De plus en plus de consommateurs regardent le Nutri-Score avant de choisir un produit au supermarché. Certains font la chasse aux A et aux B, facilement repérables à leurs couleurs vert foncé et vert clair. D’autres s’en méfient : ils pensent qu’il est influencé par les industriels ou qu’il ne vaut rien parce qu’il ne tient compte ni des pesticides ni des additifs.
Les réseaux sociaux entretiennent aussi certaines idées fausses. Non, un produit classé C ou D n’est pas pour autant toxique ou dangereux. Et si des frites surgelées peuvent obtenir un bon score, c’est parce que le Nutri-Score évalue le produit tel qu’il est vendu. L’huile, le sel ou les sauces ajoutés au moment de la préparation peuvent ensuite changer la qualité nutritionnelle du plat.

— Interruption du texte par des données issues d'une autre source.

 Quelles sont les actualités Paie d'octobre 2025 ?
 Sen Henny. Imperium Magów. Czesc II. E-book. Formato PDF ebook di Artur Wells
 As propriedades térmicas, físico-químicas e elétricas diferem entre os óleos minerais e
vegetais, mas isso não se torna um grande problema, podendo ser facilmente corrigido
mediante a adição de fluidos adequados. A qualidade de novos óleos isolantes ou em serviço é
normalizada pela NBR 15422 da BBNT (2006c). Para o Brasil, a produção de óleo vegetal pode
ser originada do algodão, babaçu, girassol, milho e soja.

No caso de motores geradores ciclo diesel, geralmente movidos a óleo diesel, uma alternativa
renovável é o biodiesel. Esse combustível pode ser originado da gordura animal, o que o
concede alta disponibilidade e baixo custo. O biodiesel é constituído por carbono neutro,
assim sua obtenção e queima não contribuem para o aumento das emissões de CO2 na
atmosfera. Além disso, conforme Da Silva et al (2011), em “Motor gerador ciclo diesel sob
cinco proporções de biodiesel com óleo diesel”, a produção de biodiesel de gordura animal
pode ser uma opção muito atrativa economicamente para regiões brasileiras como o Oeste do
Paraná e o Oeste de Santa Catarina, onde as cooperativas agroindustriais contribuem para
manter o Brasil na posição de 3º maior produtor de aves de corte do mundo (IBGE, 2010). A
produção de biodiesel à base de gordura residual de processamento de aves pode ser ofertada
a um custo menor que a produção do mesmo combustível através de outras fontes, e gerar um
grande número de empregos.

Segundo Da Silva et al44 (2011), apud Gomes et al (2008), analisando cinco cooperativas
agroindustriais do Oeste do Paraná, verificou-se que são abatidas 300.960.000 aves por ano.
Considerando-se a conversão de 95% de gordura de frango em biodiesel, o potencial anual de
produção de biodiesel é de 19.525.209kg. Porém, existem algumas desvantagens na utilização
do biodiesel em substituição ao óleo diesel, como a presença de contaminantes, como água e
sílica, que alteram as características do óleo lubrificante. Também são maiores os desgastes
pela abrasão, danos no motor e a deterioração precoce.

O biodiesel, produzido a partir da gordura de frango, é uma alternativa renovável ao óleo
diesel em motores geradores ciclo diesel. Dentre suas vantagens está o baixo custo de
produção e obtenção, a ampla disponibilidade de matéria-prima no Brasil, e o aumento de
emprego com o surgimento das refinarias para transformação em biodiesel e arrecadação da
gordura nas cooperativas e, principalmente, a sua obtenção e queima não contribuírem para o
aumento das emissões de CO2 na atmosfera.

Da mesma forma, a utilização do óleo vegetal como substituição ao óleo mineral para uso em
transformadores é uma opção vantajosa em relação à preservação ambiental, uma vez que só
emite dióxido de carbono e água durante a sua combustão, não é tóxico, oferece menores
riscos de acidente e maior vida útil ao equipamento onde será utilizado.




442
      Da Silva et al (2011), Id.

Face à ces confusions, l’Adéic a décidé de faire le point : que mesure réellement le Nutri-Score ? Comment bien l’utiliser ? Et quelles sont ses limites ?
Qu’est-ce que le Nutri-Score ?
Le Nutri-Score a été créé à la demande du ministère de la Santé. Il a été adopté en France en 2017, à partir des travaux de l’équipe du professeur Serge Hercberg et des expertises de l’Anses et du Haut Conseil de la santé publique. Contrairement à ce que prétendent certaines rumeurs, il n’a donc pas été conçu par les lobbies de l’industrie agroalimentaire.
Son objectif est simple : permettre aux consommateurs de repérer rapidement la qualité nutritionnelle d’un produit. Placé à l’avant de l’emballage, le logo associe cinq lettres à cinq couleurs. Le classement va de A, en vert foncé, pour les produits les plus favorables sur le plan nutritionnel, à E, en orange foncé, pour les moins favorables.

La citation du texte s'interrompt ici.